To help integrate into existing work flows, Julia provides the ability to use both external programs and libraries from other sources. Rather than “shell-out” external programs Julia use forks/execs to launch and manage applications internally. Julia can use existing shared libraries compiled with gcc, gfortran, or Clang tools without any special glue code or compilation. This capability extends to interactive sessions. The result is a high-performance, low-overhead method that lets Julia leverage existing libraries. In addition, existing Python code can be used by Julia though the PyCall package. This utility imports a Python module and provides Julia wrappers for all of the functions and constants with automatic conversion of types between Julia and Python.
An essential feature of Julia is native support for parallel programming. With Julia parallel computing is based on using multiple processes that can be run on either remote machines and/or local cores. Additional remote or local processes can be added at run time or by using a Julia cluster manager. Currently Julia supports SGE, Slurm, Scyld, HTCondor, and a local (same node) cluster managers.
The Julia parallel computing model sends messages between processes, but is different from MPI applications. Communication in Julia is generally “one-sided,” meaning that the programmer needs to explicitly manage only one process in a two process operation. Julia parallel operations typically do not look like send/receive but rather resemble higher level operations like remote procedure calls to user functions. Similar to most other parallel programs, Julia processes are mapped to specific cores by the host operating system.
Parallel programming in Julia is built on two primitives: remote references and remote calls. A remote reference is an object that can be used from any process to refer to an object stored on a particular process. A remote call is a request by one process to call a certain function on certain arguments on another (possibly the same) process. Using these primitives, Julia provides support for parallel loops, distributed arrays (over multiple nodes), shared arrays (on a single node), channels, and synchronization.

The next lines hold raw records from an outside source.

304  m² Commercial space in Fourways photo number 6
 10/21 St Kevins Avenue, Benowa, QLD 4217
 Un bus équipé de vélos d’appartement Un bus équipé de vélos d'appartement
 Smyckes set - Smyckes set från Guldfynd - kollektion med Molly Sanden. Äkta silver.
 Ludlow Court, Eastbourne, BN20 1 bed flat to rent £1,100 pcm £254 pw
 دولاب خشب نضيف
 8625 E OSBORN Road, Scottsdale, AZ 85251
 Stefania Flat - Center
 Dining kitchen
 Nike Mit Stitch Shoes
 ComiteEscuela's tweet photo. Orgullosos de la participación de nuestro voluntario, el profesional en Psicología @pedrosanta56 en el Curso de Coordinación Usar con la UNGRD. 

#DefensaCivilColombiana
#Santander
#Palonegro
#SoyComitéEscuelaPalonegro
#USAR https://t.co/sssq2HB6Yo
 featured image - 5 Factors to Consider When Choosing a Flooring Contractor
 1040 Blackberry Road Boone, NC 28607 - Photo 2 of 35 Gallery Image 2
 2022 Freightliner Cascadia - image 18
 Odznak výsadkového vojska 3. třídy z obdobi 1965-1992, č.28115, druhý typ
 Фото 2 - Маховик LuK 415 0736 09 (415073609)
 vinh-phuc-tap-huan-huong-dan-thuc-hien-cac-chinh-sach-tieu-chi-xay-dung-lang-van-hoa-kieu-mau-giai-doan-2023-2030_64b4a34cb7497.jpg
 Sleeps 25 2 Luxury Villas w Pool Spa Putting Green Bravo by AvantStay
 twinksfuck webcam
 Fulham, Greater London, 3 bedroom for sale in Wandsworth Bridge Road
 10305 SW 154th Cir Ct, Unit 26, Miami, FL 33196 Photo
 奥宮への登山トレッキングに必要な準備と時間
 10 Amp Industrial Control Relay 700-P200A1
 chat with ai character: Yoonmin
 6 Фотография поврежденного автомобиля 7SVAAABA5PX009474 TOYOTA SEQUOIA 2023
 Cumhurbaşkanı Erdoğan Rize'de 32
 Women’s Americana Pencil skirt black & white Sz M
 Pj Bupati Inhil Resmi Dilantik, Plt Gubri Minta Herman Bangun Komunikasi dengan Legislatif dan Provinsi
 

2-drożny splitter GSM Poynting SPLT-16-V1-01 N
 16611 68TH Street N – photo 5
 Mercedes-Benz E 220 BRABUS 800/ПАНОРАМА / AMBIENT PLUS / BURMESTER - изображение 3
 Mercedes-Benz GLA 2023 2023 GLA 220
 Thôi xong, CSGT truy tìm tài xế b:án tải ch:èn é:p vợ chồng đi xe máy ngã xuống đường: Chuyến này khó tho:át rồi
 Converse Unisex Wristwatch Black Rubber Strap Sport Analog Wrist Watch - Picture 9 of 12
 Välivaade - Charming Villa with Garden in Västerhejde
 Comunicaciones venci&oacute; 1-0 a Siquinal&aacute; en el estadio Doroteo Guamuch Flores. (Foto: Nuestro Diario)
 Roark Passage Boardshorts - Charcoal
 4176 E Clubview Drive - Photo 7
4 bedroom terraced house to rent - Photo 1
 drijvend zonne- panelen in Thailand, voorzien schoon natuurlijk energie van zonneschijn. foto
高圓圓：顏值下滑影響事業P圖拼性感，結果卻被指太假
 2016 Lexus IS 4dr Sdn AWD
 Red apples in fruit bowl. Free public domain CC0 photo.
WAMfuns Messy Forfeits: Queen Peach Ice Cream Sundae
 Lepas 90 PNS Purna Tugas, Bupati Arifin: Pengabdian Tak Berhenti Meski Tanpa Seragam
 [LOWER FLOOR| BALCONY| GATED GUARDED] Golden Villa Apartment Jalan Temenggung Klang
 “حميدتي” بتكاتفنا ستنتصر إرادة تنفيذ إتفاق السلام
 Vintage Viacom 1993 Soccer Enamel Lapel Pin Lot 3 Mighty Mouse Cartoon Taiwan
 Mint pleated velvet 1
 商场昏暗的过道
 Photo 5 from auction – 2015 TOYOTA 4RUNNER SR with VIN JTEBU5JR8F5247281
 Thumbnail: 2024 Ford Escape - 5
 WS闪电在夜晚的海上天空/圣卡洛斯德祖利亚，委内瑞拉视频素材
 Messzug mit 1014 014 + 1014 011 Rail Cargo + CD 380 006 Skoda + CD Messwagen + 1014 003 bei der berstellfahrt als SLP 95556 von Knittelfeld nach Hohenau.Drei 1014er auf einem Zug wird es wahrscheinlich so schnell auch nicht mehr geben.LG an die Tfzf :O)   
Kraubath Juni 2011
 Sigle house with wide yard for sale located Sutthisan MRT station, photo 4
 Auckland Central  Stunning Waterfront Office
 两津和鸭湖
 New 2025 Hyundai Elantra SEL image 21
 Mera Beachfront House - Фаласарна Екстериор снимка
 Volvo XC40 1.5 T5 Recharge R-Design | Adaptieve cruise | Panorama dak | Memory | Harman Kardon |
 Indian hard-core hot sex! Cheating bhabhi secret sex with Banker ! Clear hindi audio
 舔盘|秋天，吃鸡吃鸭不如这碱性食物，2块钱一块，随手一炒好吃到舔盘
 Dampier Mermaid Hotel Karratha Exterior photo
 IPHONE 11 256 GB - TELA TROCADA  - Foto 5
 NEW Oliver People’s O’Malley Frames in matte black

There is also support for custom message transports. Parallel programming features are optional and not required to start writing Julia programs.
Finally, there is support for GPU programing in Julia. Consult JuliaGPU for packages that support CUDA and OpenCL programming.
Julia binaries are available for Windows, Macintosh, and Linux. As an open project, full source code is also available. Julia can also be run directly from a browser by connecting to JuliaBox (include an on-line tutorial).
Julia is still maturing and is fully capable of doing real work in the HPC community. The Julia ecosystem and community area growing quite rapidly and offer new libraries and applications. There are other interesting aspects of Julia that can be found on the project web site. The documentation is quite good and there are several tutorials available. Overall, Julia is a welcome addition the HPC community. Recently, the MIT based development team formed Julia Computing to provide support, training, and consulting services for the Julia language. The company has also received a two year $600,000 grant from the Gordon and Betty Moore Foundation’s Data-Driven Discovery Initiative for further open source Julia development. The future looks bright for Julia. New and existing HPC coders will will appreciate a dirt-simple on-ramp to the HPC superhighway.